いつものことながらカワリダネの思考実験はかっとんでいる。

「しかしそれでは転送効率が悪いから」カワリダネはうれしそうに続けた。「0x0000から0xFFFFまでますめを作った紙でこっくりさんをやろう。 1パケットで16ビットも転送できるぞ! 転送速度が一気に32768倍だぁ☆」

おいおい、何だよ「こっくりさんの転送効率」って…、それに転送速度は16倍で、32768倍は分解能だろ。

「さらに効率を上げるために圧縮アルゴリズムと並列ダウンロード…プロトコルはやはり…こっくりさんの信頼度を考えて、誤り訂正符号の実装は…」

いつまでもぶつぶつと独りでつぶやいている。 さえぎらないときりがないやつなので、

「ところで、カワリダネ」

おれは無理やり話題を変えた。
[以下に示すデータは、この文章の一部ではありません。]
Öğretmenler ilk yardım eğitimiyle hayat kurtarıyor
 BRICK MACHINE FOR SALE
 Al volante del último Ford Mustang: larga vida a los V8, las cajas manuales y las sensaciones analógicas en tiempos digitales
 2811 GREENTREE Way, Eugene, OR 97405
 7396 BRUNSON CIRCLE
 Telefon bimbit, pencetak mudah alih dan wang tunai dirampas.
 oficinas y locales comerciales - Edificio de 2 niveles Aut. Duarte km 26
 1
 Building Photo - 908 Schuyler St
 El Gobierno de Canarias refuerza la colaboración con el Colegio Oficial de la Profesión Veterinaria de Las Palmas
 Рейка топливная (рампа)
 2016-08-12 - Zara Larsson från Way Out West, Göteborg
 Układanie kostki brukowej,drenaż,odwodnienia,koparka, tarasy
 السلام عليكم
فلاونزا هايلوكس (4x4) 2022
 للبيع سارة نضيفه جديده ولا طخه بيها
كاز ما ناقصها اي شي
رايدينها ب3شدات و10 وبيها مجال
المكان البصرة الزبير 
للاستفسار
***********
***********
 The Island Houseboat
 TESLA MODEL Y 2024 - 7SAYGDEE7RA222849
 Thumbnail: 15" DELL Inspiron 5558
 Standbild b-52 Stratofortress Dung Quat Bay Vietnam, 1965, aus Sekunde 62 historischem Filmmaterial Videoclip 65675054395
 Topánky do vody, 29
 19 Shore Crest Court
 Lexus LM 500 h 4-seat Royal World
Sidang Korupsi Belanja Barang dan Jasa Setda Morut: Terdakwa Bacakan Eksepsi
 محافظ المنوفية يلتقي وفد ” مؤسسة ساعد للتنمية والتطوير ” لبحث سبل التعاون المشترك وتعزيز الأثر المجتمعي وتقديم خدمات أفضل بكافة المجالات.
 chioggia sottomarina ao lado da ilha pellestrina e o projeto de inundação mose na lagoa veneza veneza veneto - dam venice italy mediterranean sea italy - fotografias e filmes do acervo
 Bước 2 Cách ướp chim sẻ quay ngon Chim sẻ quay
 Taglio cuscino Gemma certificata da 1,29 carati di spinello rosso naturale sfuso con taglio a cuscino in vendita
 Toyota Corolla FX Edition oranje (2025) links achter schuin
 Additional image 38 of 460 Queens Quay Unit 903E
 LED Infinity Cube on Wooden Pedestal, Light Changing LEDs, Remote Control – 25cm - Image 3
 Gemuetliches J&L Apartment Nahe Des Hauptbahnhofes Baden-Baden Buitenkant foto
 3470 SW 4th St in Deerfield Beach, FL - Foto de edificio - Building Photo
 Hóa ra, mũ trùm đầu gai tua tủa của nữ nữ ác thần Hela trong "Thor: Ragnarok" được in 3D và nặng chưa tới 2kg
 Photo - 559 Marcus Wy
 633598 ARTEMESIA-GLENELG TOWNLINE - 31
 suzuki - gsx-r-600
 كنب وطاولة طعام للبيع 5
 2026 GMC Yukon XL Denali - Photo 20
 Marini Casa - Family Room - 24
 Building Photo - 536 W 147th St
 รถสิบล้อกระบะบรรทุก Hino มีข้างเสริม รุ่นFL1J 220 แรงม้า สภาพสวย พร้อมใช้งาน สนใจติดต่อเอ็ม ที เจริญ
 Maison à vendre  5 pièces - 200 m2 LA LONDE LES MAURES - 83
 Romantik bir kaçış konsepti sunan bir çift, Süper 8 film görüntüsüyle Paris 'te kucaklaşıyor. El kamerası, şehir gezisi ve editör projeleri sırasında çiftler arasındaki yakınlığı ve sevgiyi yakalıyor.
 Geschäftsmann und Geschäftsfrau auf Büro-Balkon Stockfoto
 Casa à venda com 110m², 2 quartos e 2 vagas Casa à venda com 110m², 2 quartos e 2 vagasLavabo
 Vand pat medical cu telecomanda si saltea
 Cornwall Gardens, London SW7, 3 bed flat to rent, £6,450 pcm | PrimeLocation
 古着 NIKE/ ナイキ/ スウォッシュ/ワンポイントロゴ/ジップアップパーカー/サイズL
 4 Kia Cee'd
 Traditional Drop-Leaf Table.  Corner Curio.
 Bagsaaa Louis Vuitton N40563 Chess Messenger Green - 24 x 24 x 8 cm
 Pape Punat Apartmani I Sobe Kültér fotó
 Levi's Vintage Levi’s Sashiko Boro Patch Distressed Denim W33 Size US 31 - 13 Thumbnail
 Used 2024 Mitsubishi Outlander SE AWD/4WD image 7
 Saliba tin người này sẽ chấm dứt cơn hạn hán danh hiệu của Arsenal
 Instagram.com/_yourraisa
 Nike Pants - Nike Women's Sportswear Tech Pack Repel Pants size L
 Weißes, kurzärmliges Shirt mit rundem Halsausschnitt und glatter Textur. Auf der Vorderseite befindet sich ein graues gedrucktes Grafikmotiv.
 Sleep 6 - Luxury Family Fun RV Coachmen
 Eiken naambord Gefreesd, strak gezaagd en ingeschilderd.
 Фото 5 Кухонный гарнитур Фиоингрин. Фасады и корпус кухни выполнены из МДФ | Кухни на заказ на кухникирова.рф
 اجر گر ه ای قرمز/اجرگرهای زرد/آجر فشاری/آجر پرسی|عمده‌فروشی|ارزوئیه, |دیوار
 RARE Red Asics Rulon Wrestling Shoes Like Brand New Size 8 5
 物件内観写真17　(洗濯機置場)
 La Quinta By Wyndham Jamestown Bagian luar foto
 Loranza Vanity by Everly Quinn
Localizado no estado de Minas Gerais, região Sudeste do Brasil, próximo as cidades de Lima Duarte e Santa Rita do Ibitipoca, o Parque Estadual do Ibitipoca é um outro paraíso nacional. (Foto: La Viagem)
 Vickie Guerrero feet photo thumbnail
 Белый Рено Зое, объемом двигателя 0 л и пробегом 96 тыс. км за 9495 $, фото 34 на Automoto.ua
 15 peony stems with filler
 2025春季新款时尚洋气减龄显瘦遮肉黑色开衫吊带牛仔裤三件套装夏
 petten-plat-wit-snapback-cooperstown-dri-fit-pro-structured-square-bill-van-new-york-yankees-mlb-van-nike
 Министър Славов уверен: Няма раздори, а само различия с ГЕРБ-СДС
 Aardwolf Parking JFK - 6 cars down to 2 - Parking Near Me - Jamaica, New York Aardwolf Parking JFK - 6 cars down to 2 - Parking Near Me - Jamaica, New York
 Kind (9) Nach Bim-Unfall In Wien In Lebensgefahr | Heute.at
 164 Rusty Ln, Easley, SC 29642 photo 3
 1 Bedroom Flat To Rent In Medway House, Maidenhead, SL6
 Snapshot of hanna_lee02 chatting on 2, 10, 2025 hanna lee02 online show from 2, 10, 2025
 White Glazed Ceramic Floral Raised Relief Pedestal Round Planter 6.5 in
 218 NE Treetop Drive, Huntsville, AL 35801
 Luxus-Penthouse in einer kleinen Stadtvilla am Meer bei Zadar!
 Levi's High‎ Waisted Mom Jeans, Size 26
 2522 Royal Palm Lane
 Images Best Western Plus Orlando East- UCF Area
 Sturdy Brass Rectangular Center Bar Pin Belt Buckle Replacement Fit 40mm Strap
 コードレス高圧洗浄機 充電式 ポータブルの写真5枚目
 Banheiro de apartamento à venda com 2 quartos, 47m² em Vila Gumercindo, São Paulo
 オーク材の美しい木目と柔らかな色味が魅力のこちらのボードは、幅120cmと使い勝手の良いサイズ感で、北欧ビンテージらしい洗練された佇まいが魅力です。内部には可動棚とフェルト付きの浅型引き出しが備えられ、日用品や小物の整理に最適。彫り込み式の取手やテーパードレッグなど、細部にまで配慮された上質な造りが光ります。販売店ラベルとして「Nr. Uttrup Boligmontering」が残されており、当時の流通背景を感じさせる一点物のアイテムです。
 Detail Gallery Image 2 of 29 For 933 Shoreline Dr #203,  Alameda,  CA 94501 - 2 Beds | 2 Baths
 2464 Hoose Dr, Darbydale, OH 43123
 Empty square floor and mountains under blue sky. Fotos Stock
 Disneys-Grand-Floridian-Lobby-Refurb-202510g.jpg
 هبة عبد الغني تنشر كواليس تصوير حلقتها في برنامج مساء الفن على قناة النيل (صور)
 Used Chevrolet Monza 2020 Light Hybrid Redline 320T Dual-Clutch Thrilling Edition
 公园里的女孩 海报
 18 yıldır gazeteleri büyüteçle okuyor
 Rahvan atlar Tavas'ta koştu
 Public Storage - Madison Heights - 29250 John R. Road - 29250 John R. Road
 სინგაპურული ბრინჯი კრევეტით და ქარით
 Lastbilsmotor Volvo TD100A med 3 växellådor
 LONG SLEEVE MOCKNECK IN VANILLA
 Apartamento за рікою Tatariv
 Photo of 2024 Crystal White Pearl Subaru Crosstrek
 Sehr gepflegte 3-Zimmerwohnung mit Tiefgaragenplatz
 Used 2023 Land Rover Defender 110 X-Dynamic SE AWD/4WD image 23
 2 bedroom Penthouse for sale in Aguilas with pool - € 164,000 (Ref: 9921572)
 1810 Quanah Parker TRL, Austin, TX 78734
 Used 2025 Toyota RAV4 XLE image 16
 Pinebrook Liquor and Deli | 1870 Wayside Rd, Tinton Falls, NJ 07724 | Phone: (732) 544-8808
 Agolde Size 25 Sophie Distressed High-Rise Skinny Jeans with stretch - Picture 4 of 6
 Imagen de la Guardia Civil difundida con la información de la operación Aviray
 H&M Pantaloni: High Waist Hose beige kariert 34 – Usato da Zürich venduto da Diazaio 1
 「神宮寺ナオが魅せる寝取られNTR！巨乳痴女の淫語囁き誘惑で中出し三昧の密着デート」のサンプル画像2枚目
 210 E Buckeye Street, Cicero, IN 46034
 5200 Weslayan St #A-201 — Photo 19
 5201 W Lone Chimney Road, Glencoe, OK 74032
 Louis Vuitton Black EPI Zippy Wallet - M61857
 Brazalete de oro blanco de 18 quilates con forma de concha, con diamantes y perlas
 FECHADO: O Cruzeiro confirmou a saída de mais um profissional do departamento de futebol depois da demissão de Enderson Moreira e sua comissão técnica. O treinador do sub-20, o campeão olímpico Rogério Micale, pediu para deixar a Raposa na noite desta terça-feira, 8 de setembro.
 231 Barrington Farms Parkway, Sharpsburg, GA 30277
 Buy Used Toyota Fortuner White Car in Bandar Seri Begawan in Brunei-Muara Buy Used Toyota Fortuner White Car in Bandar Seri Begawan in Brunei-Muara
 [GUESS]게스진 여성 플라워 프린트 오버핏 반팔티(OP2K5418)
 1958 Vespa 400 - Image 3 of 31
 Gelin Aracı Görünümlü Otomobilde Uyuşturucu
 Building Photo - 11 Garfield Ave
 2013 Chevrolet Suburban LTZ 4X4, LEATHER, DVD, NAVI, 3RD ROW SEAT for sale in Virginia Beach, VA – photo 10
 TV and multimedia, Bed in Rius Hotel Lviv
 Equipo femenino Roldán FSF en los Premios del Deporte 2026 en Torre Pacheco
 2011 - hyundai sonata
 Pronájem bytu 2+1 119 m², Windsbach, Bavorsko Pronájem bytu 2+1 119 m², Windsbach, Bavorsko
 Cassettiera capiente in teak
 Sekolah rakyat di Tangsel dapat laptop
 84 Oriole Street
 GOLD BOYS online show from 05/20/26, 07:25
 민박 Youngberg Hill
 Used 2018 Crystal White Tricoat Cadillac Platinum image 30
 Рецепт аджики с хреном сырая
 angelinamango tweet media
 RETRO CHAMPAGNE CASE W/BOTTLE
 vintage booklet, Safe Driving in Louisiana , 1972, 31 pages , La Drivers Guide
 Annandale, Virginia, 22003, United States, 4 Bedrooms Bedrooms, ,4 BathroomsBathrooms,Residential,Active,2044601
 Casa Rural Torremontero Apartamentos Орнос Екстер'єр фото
「おまえさっき人間の霊の分際でどうとかわめいてたけど、あれはどういう意味なんだ?」

「ああ…。たいして深い意味はないよ。作者はぼけてもハーロックはいつまでもかっこいいだろ。人間とこっちの世界の違いさ」

*

さすがに何でもというわけにはいかないようだが、 この霊、普通のものなら、題名などを教えればどこからともなく見つけてきてくれる。まさに霊も使いよう、こっくりさんをやるまでもなく、 データをハードディスクに念写してくれるのだった。たぶん心霊写真の原理なのだろう。

そんなわけで、おれたちは、この日から、尋常な方法では入手できないデータをあれこれ入手しまくった。 せっかくだからたまにはアップロードもした。 優れているのに評価されずに忘れられている絶版モノなどを、興味を持ちそうな相手のHDにそっと置いてきたり。

PCのフォルダにある日、突然、見慣れぬメディアファイルが…。そんな体験がもしあったら、おれたちのしわざかもしれない。 ウイルスじゃないので、観賞してみてくれたまえ。ところで、くだんの幽霊だが、 持ってくるデータがぼけ気味なのにいらついた友人が3DNRやら何やらかけまくっていたとき、うっかりゴースト除去フィルターをオンにしてしまい、 HD内で念写作業の途中だった彼女は巻きぞえで消えてしまった。